Il y a 25 ans, « La discrète » premier film de Christian Vincent, allait apporter à Fabrice Luchini une notoriété grand public qui lui faisait défaut jusque là (il était alors beaucoup plus reconnu dans le milieu du théâtre) et le propulser au rang des acteurs bancables du cinéma français. Depuis, sa carrière est somme toute assez sinusoïdale, souvent drôle ou percutant quand il est très bien dirigé (« Dans la maison », « Rien du tout ») beaucoup contestable quand on le laisse partir en vrille luchinienne (« Beaumarchais, l’insolent » ; « Jean-Philippe »). Je caressais le secret espoir, pour ces retrouvailles, d’être à la fois amusé par la verve caustique tout autant que charmé par la subtilité et l’élégance, qui étaient les véritables composantes de « La discrète », en plus du trio d’acteurs de l’époque qui faisait mouche.
« L’hermine » s’avère être un film beaucoup plus anodin, voire anecdotique, une espèce de justification à offrir le rôle de la maturité à un acteur brillant dont le spectateur pense (injustement) avoir fait le tour.
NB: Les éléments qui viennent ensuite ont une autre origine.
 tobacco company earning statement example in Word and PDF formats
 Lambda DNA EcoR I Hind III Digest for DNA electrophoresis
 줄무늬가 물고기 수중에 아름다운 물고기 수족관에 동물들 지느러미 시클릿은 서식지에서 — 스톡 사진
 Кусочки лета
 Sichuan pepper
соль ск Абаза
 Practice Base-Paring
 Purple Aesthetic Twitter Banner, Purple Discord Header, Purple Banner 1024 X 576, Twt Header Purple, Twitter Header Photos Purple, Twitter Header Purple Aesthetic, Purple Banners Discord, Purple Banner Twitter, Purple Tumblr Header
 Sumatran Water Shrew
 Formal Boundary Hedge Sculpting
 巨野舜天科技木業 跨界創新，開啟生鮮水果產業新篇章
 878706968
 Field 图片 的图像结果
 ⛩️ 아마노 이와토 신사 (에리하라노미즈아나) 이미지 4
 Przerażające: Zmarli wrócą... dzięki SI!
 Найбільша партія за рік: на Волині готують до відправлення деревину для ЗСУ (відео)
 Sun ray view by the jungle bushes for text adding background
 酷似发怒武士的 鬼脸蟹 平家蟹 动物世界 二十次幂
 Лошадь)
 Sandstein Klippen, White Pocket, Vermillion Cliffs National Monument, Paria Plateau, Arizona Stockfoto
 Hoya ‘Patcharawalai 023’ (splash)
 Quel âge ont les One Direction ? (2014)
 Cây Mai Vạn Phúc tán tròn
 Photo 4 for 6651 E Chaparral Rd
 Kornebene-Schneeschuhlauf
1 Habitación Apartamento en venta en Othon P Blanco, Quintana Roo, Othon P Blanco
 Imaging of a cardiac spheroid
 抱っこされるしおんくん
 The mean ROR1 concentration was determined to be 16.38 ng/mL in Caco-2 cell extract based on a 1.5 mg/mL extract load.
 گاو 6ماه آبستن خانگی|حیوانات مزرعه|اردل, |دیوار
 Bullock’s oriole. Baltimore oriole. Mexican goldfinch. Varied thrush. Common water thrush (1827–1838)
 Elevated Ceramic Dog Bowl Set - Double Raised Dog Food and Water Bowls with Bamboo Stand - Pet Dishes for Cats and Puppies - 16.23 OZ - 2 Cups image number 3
A l’image d’un Jean Gabin dans « Le Président » qui le « remettait en scène » alors, Lucchini trouve chez l’individu plaideur qu’est le juge Michel Racine (rien que le nom est un clin d’œil à lui seul) le rôle à dimension, la sienne et il y est magistral (sans jeu de mot). Car bien plus qu’une incarnation, il est une présence. Celle qui de tous instants, d’un rictus, d’un verbe acerbe, en mangeant une pomme véreuse, ou en amoureux éconduit, en robe de juge ou dans un manteau en alpaga taupe mal taillé… ce sont tous ces petits détails qui font de ce juge un homme éminemment touchant, un vrai personnage balzacien, pathétique mais aimable toutefois. Fabrice Luchini touche ici à la quasi perfection.
Il est dommage que le film ne soit pas sur le même niveau d’ambition. Car entre l’histoire d’amour plus suggérée que vraiment traitée et les passages autour et dans le tribunal, tout est y convenu, de bonne facture certes, mais convenu. Pour autant, la présence complémentaire des autres acteurs (Sidse Babett Knudsen, Corinne Masiero entre tête) comble les vides. Mais il manque quand même quelques scènes fortes, en renforçant par exemple celle du juge Racine avec sa femme (jouée par Marie Rivière, à la limite de la figuration) qui est inutile en l’état, ou celle avec Ditte et sa fille Ann à la Brasserie trop banale et plus largement en apportant un peu plus de crédibilité sur l’environnement judiciaire.
Christian Vincent donne un peu l’impression d’avoir été effrayé par le monstre sacré qu’il a engendré, au point d’en oublier presque le contenu de son film. Un peu comme si le marteau du président venait finir sa course sur une étole d’hermine, le coup porté est alors plus qu’amoindri.